Certains leaders de l’opposition politique estiment que l’initiative, quoique noble, doit être encadrée pour éviter tout dérapage. Pour Eddie Komboïgo par exemple, président du Congrès pour la démocratie et le progrès (CDP), ce recrutement paraît curieux. Même s’il déclare comprendre la volonté de l’Assemblée nationale de renforcer ses capacités et de mettre des ressources humaines de qualité à la disposition des députés pour leur travail, il note tout de même qu’il faut craindre que cette initiative ait été prise à des fins électoralistes ou populistes. « S’il y a une volonté de donner de l’emploi aux jeunes, on le dit et on laisse le soin à chaque député de trouver son stagiaire. Mais si l’on veut recruter soi-même et affecter ces étudiants pour qu’ils travaillent avec les députés, nous craignons fort que cela ne soit une politique d’espionnage », fait-il remarquer.

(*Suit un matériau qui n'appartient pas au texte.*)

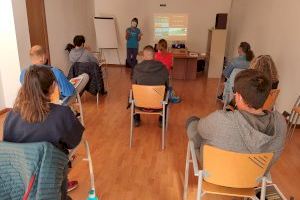 Finalizan en Vallat los cursos de introducción al compostaje casero y de interpretación ambiental de la Mancomunidad Espadán Mijares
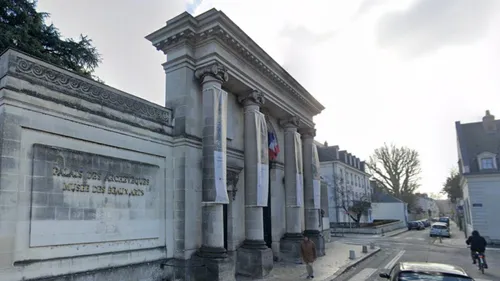 Tours : des collégiens intoxiqués pendant une sortie au musée des...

Dans le même ordre d’idées, Jean Hubert Bazié de la Convergence de l’espoir estime que, de prime abord, le fait que l’Assemblée nationale, en tant qu’institution, s’intéresse à l’avenir de la jeunesse est à féliciter. En effet, pour lui, chaque fois que les préoccupations des jeunes sont prises en compte par les premiers responsables du pays, c’est le signe que ceux-ci réfléchissent à l’avenir du Burkina Faso, car c’est la jeunesse qui le symbolise. Toutefois, il pense qu’il faut de la transparence dans le processus de recrutement et d’affectation de ces stagiaires aux différents groupes parlementaires. La meilleure formule, selon M. Bazié, serait que chaque groupe parlementaire propose des jeunes dont le profil est arrêté au préalable, car il estime qu’il serait illusoire de penser que le président puisse recruter et affecter ces stagiaires de façon désintéressée. Pour éviter qu’il y ait une crise de confiance entre les différentes tendances politiques, surtout en cette année d’avant-élections au Burkina Faso, celui-ci propose qu’il y ait une large concertation à ce sujet. « Il faut prendre assez de précautions pour qu’il n’y ait pas de soupçons de manipulation sur ce recrutement. Vu qu’on est en période d’avant-élections, toute initiative du pouvoir en place peut être qualifiée d’initiative avec des intérêts et des sous-entendus », prévient-il.
Si cette immersion à l’Assemblée nationale proposée à ces stagiaires est une idée très louable, nous pensons que la garantie d’une transparence du projet serait le processus participatif du recrutement tant souhaité par l’opposition politique. Au demeurant, au-delà des trois mois de stage, quelles perspectives peuvent bien se présenter à ces volontaires ? Y aura-t-il un processus d’accompagnement en vue de leur insertion professionnelle ou seront-ils simplement reversés dans la nature comme chômeurs ? C’est l’autre face de la médaille qu’il faudrait analyser avant de se jeter dans cette aventure sous peine de voir cette action louable n’être, en définitive, qu’un grand flop.